Quand la conservation des sols permet d’atteindre l’autonomie
Le couple est associé depuis 2017. PHOTO/ LD

Sept ans, c’est le nombre d’années qu’il a fallu au Gaec Black Angus pour commencer à observer les résultats de pratiques visant à atteindre l’autonomie. L’exploitation est située dans le Valromey, et c’est sur leurs 150 ha de ferme, principalement en herbe, et ses 45 ha de cultures que Fanny et Laurent Varoux élèvent leurs Angus et leurs porcs Duroc. Le couple débute l’agriculture de conservation des sols en 2013, ce qui leur a valu d’obtenir le label Haute valeur environnementale (HVE). « On est en semi-direct. On ne touche plus le sol, on sème directement de cultures en cultures, de couverts en couverts, et ainsi de suite », explique Laurent Varoux. Le fait de ne pas travailler le sol permet à la terre d’avoir des racines et donc de ne pas raviner lors des fortes pluies par exemple. Le principe de leur culture est simple : ne jamais laisser la terre nue. « La base, c’est toujours de semer, qu’il y ait toujours quelque chose », assure l’éleveur.
 
Des sols occupés toute l’année
 
Voilà pourquoi fin septembre, Laurent Varoux sème son méteil fourrager, composé de triticales, de seigles, de pois fourragers et de vesces, et son méteil céréalier à base de triticales et de pois. Le mois de mai sonne l’heure de la récolte du méteil fourrager. Dans la foulée suivant la récolte, le couple sème le couvert d’été : du sorgho, du moha, de l’avoine, de la vesce, des pois fourragers et quelques fois des trèfles. « Derrière chaque culture céréalière, on met un couvert et ainsi de suite, continue l’exploitant. Ça nous permet de faire des récoltes en plus. Je fais des mélanges assez simples parce que j’exploite tout pour les bêtes. » Ce fonctionnement permet à la terre de rester fraîche, ce qui facilite les semis. Une fois l’été passé, les couverts sont soit récoltés, soit laissés sur les terres pour permettre aux animaux de pâturer.

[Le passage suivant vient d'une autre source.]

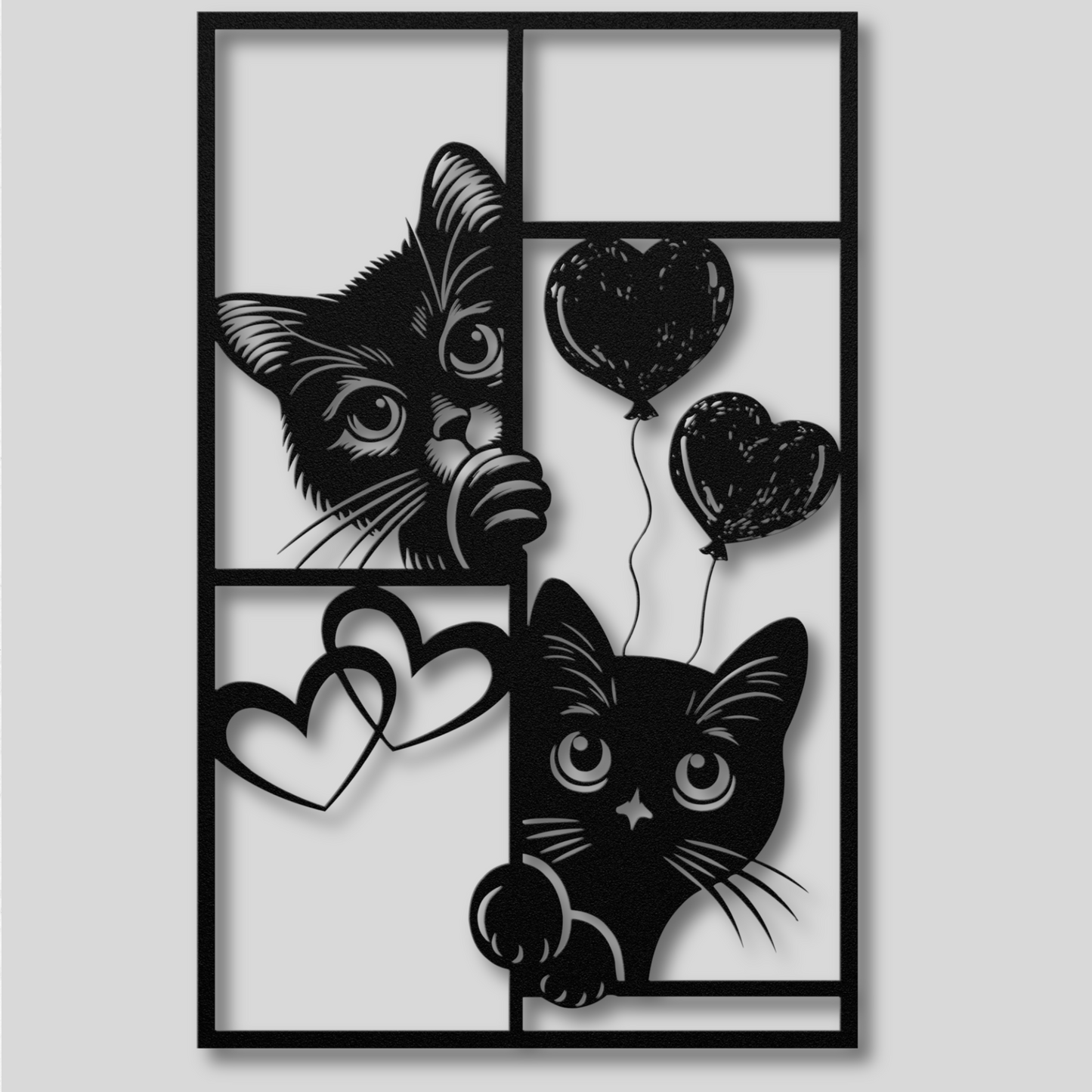 Charming Peeking Cats Metal Wall Art: A Playful Touch to Any Space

Au vu du temps, les méteils sont précoces. Cette maturité est souvent aperçue à partir du mois d’avril. PHOTO/ LD

Des avantages comme des inconvénients 
 
Ne pas travailler le sol apporte certains avantages, économiques comme environnementaux. « On travaille très peu le sol donc on passe peut-être sept litres de gaz non-routier (GNR) à l’hectare, contre peut-être dix fois plus en système classique, estime Laurent Varoux. On ne libère plus de carbone, on a des bilans positifs. » Cependant, quelques difficultés se dressent sur la route des exploitants. « Ne grattant plus le sol, notre principale difficulté est le désherbage », explique-t-il. « On n’a pas peur de dire qu’on utilise du glyphosate », enchaine sa femme. Les quantités sont très variables, mais les doses peuvent aller d’un litre à 2,5 litres par hectare, en fonction des adventices et des rotations. Autre inconvénient, cela « nous demande de réagir d’une autre manière. On anticipe toujours les méteils qu’on met en automne, en fonction de ce que l’on va semer au printemps. Il n’y a pas de hasard. », explique l’agriculteur.
 
« On utilise nos engrais de ferme et on est associé dans une méthanisation »
 
Malgré tout, cette routine permet au Gaec d’être autonome sur la partie fourragère. En revanche, ils ne le sont pas sur le reste de l’alimentation des animaux. « Dès qu’on passe sur la finition pour les engraisser, à la fin on n’est bien obligé de compléter avec un peu de farine de maïs, un peu de tourteaux de lin et un peu de colza », précise Laurent Varoux. Le couple a aussi fait le choix de ne pas utiliser d’azote minéral et d’engrais. « On utilise nos engrais de ferme et on est associé dans une méthanisation. On conduit qu’avec le digestat depuis maintenant cinq ans. On n’a pas acheté un kilo d’engrais », se réjouit-il.
Afin de partager son expérience et apprendre de celles des autres agriculteurs de la région, Laurent Varoux fait partie de l’association Sols vivants des montagnes, qui regroupe une quinzaine d’éleveurs, de céréaliers, de maraichers, certains en bio, d’autres en conventionnel, situés entre le Valromey et l’avant pays savoyard, jusqu’à Saint-Julien. L’objectif est de mettre en commun les pratiques des uns et des autres afin d’améliorer ses cultures. « Il y a toute sortes d’agricultures et de visions mais avec un point commun : l’agronomie », termine Laurent Varoux.